COVID-19 has taught all of us many lessons, and for Tabisile it was that, “We laugh together, and [often struggle] together. This team is there for each other, we will take on a task together and if anything goes wrong the team will suffer together. So much has happened, and we had to do so much including going into COVID-19 wards to make sure all the equipment [was] working but still not one of us has been positive for COVID-19. [This] shows how we also look out for each other to make sure we are all safe. We have had to work under pressure and just do so much at the same time but at the end we came out on top.”

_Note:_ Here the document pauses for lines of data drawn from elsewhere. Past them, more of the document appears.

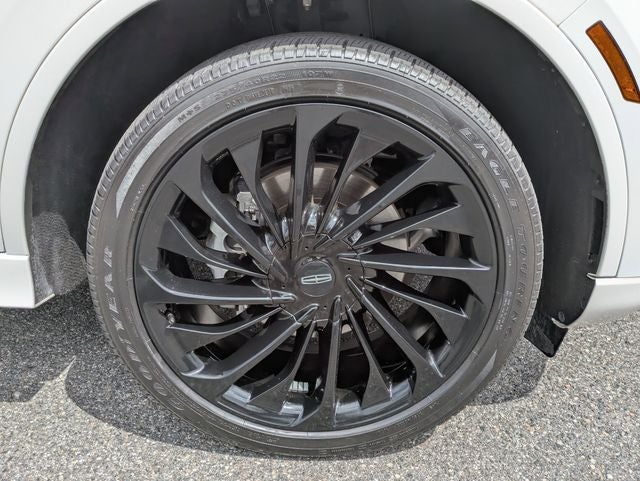 2023 Lincoln Aviator Black Label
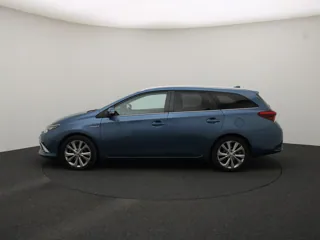 TOYOTA AURIS Business Edition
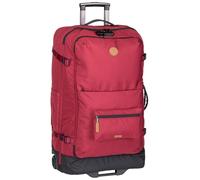 Cabaïa Valise Souple 2 Roues Large Sibiu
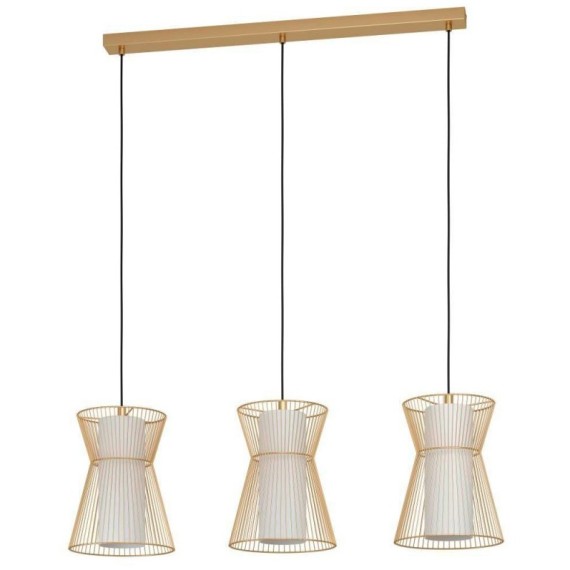 99636 Подвесной потолочный светильник (люстра) MASETA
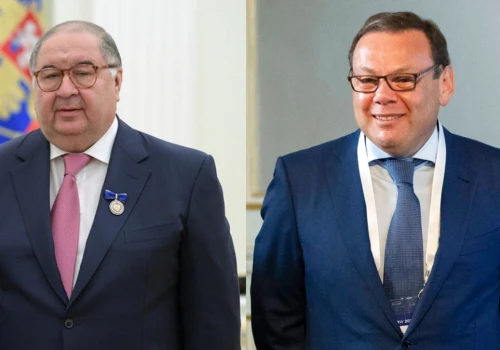UE przedłuża sankcje na Rosję. Zaskakujący zwrot w sprawie dwóch oligarchów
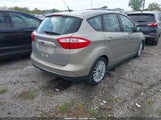 Ford C-Max Hybrid Se 1FADP5AU9GL110281 снимка
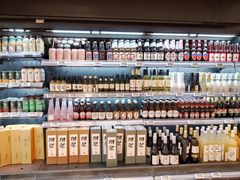 零售区-七鲜超市(瑞虹天地太阳宫店)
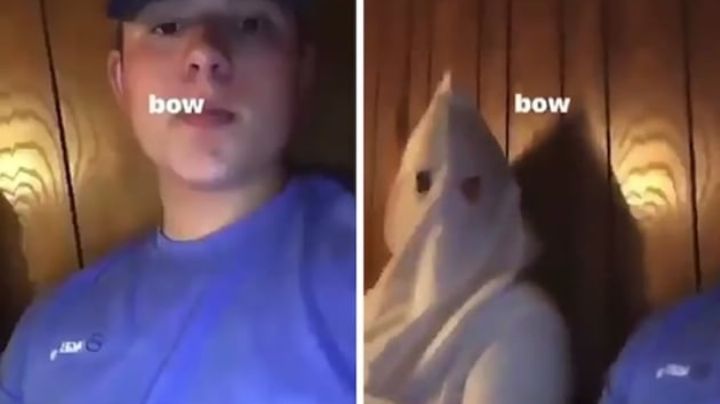 Finalista de 'American Idol' queda fuera por grabar video racista: "Pido perdón a mis fans"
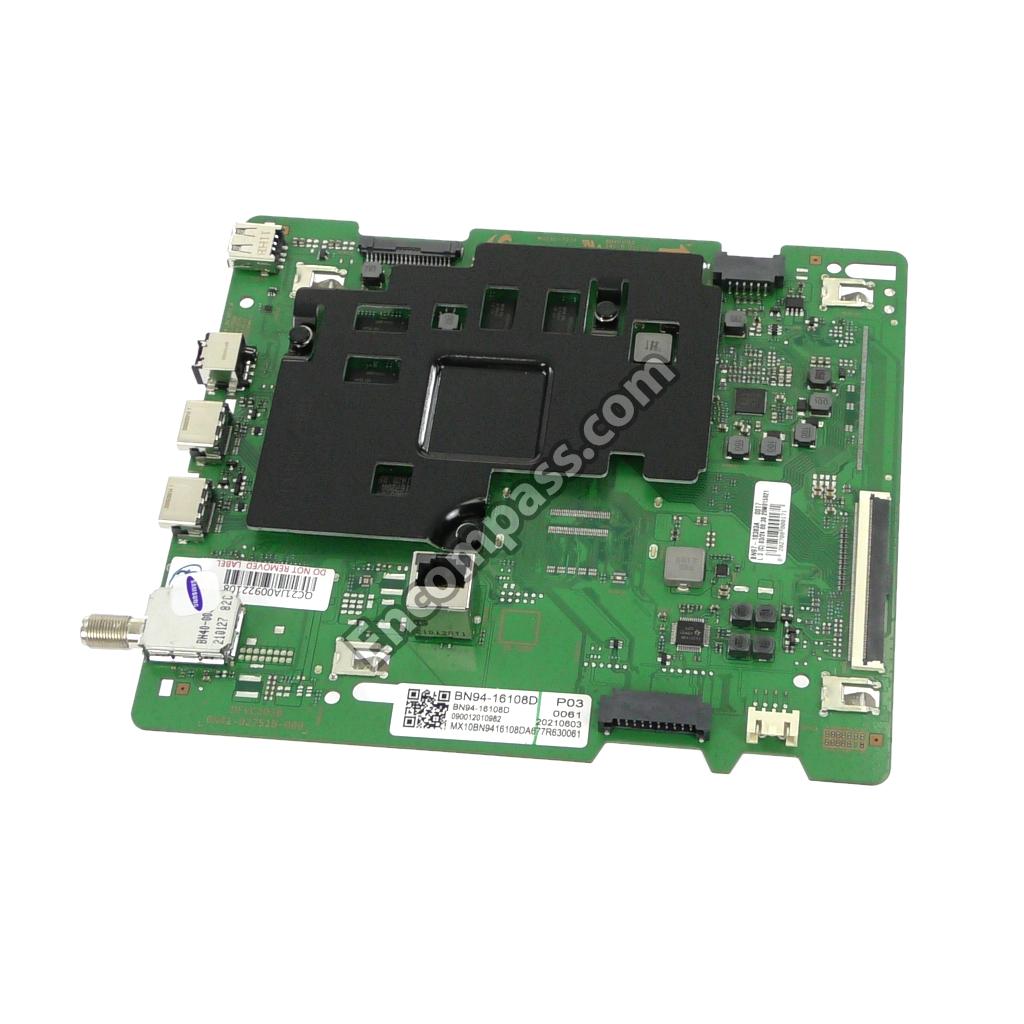 Carte mère Samsung BN94-16108D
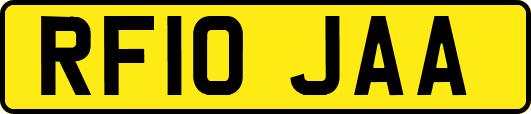 RF10JAA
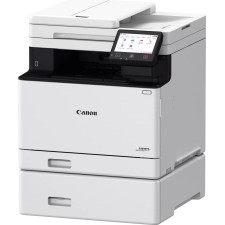 Canon i-SENSYS MF752Cdw II Laser A4 1200 x 1200 DPI 33 ppm Wi-Fi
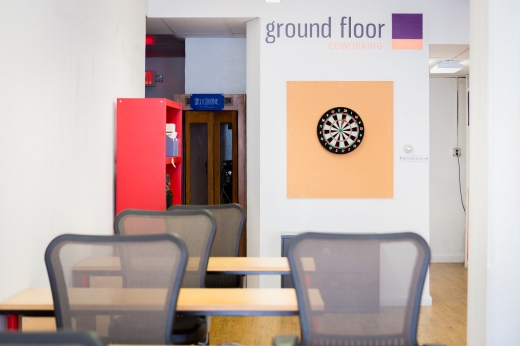 Ground Floor Coworking in New Rochelle City, New York, United States - #4 Photo of Point of interest, Establishment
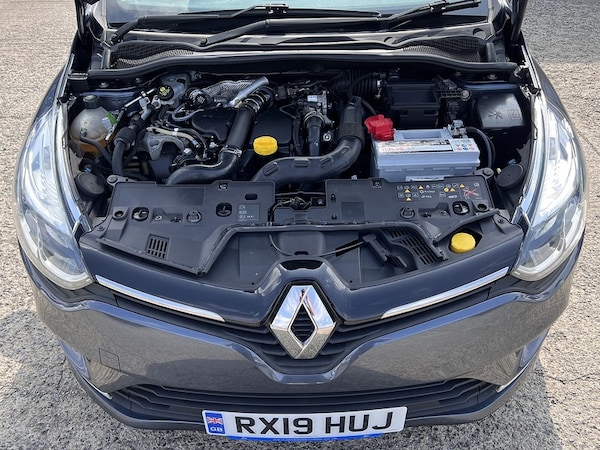 Used Renault Clio 2019 for sale - 75662456: Photo 20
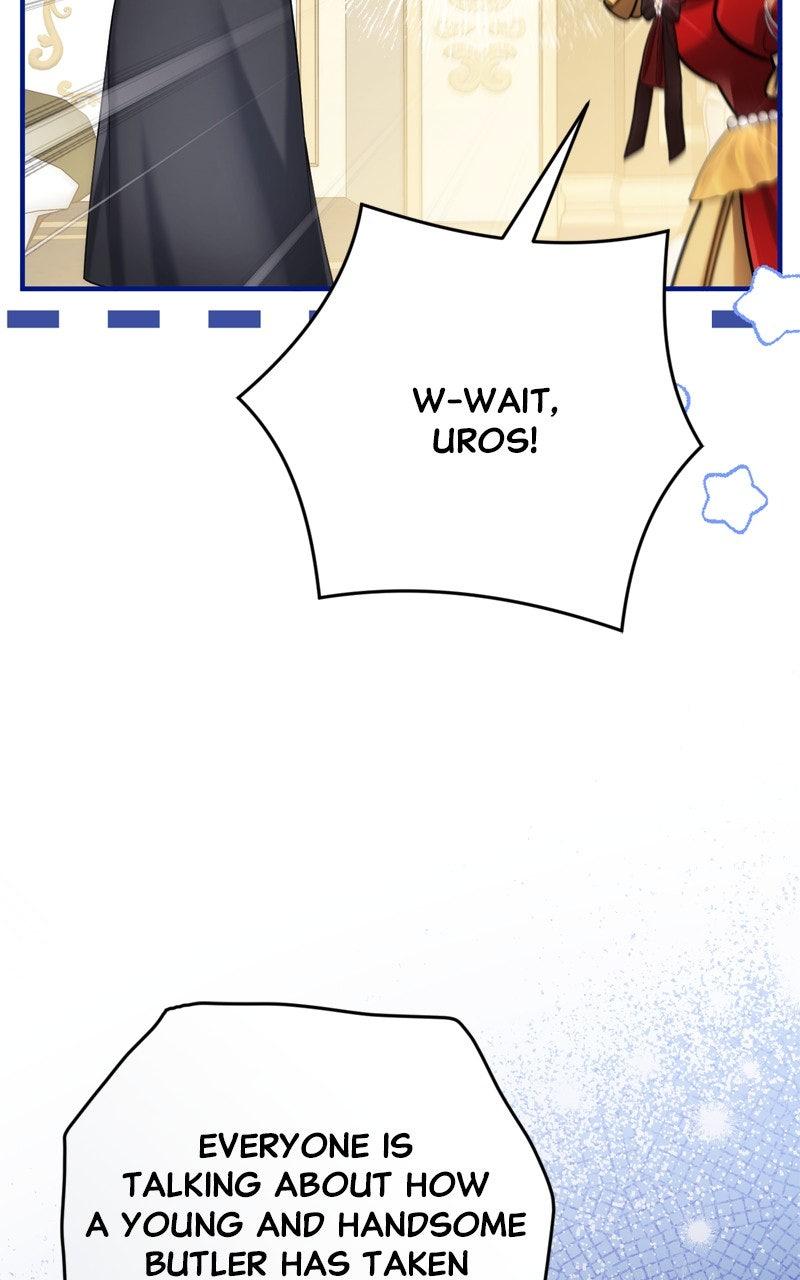 For My Derelict Favorite Chapter 113.6 - Page 29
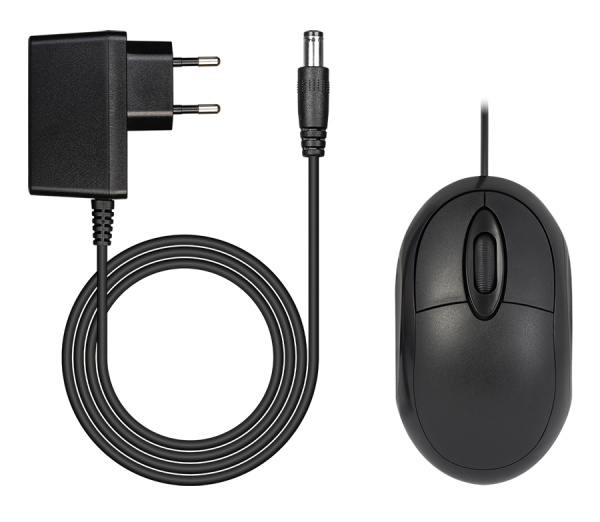 FR1116X (ver.3024V) 16-ти канальный видеорегистратор 5 в 1 Novicam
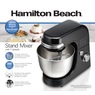 Hamilton Beach Stand Mixer, , large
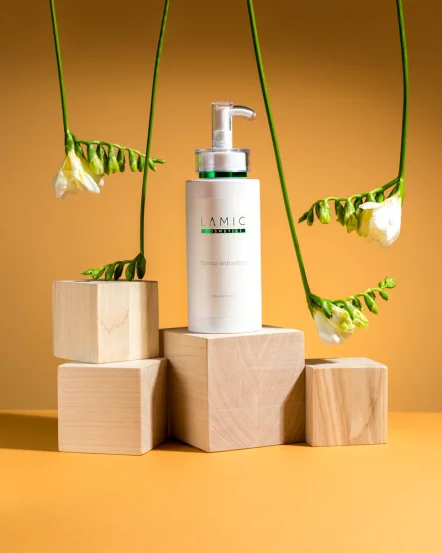 Тоник антисептический Lamic Tonico antisettico, 250 мл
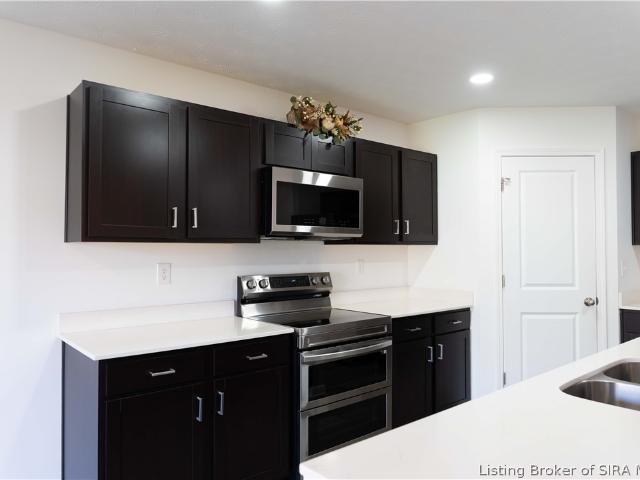 House for sale in Charlestown, Indiana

Emotionally the team has gone through difficulties during the pandemic. “We [would] go into all the COVID-19 areas and our biggest fear was [that we could] take this [virus] home to our family. We would then be blamed at home for bringing the virus home because we work at a hospital,” was how Alistair recalled the fear they all had. One of the officials in the IT department lost a sibling due to COVID-19 and that was very emotional for this team where they have close bonds. The whole team received counselling following this emotional experience.
“COVID-19 is still with us and the message is simple, just stay positive in all you do [and keep safe],” was the parting message from the team.